Silane-hybridized polyphenylene oxide for electronic packaging and extreme-environment-resistant multi-functional coatings

Polyphenylene oxide (PPO), as one of the significant low-dielectric resins, plays a critical role in the electronic packaging of 5.5G/6G communications and artificial intelligence. However, the high-performance application of PPO is limited by its thermoplastic nature. Designing PPO with thermosetting characteristics while enhancing its thermal resistance, low dielectric properties and processability posed a critical challenge. Herein, a novel ambient moisture-curable silane-modified PPO (SLPPO) was designed and synthesized through precisely grafting diallylamine onto the backbone of PPO, and followed by efficiently coupling with γ-mercaptopropyl trimethoxysilane (MPTMS).

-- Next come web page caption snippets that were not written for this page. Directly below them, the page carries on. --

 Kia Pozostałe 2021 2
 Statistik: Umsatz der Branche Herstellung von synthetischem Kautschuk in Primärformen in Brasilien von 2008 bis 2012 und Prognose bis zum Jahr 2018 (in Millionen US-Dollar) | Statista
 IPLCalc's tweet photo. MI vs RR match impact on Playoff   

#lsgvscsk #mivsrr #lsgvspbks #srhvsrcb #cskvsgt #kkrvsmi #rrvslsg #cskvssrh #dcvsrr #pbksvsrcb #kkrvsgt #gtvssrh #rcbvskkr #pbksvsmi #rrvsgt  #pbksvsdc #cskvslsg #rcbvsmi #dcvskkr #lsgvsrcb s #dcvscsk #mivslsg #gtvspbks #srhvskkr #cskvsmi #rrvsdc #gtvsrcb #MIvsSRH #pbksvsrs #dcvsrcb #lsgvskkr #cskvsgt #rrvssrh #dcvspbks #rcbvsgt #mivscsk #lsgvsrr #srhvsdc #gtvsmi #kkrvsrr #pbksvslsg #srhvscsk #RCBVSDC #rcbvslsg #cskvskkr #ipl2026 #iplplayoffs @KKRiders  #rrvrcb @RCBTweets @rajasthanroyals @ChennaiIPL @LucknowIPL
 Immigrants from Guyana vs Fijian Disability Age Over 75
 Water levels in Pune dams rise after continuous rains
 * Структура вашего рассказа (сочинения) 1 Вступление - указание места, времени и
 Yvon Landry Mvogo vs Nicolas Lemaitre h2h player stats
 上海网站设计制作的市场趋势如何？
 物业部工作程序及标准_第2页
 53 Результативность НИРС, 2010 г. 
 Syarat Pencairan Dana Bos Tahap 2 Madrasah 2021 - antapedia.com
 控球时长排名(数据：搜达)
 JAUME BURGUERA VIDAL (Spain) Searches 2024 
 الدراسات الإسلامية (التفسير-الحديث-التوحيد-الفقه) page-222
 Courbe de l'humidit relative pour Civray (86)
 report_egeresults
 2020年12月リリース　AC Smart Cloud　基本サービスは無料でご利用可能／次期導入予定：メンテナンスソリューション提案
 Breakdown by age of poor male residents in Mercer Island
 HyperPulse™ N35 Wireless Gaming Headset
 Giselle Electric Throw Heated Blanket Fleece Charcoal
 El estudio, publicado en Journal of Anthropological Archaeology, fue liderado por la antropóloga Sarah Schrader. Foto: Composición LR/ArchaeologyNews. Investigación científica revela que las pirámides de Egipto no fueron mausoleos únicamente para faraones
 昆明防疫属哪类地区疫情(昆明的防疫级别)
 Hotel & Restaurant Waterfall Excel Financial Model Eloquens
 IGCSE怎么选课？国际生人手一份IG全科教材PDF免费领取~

SLPPO presented high self-crosslinking density, as well as processability and formability characteristics at ambient temperature. The intrinsically non-polar rigid backbone and densely crosslinked non-polar silane side chains imparted ultralow dielectric properties to the thermoset (SLPPO₁₉DBT, where DBT was the catalyst dibutyltin dilaurate), concurrently enabling synergistic enhancements in thermal resistance (T_g of 263.8 °C), low-dielectric performance (D_k = 2.40, D_f = 0.0017, 10 GHz) and exceptional flame retardancy. In addition, the toughness of SLPPO can be tailored feasibly by incorporating bis(hydroxyl-terminated) polydimethylsiloxane via an in-situ reaction-mediated phase separation. Furthermore, we further engineered two application formats: printed circuit boards prepreg and extreme-environment-resistant superhydrophobic coatings. This work provides an insight for transforming thermoplastics into functional thermosets, extending promise for their applications in electronic packaging.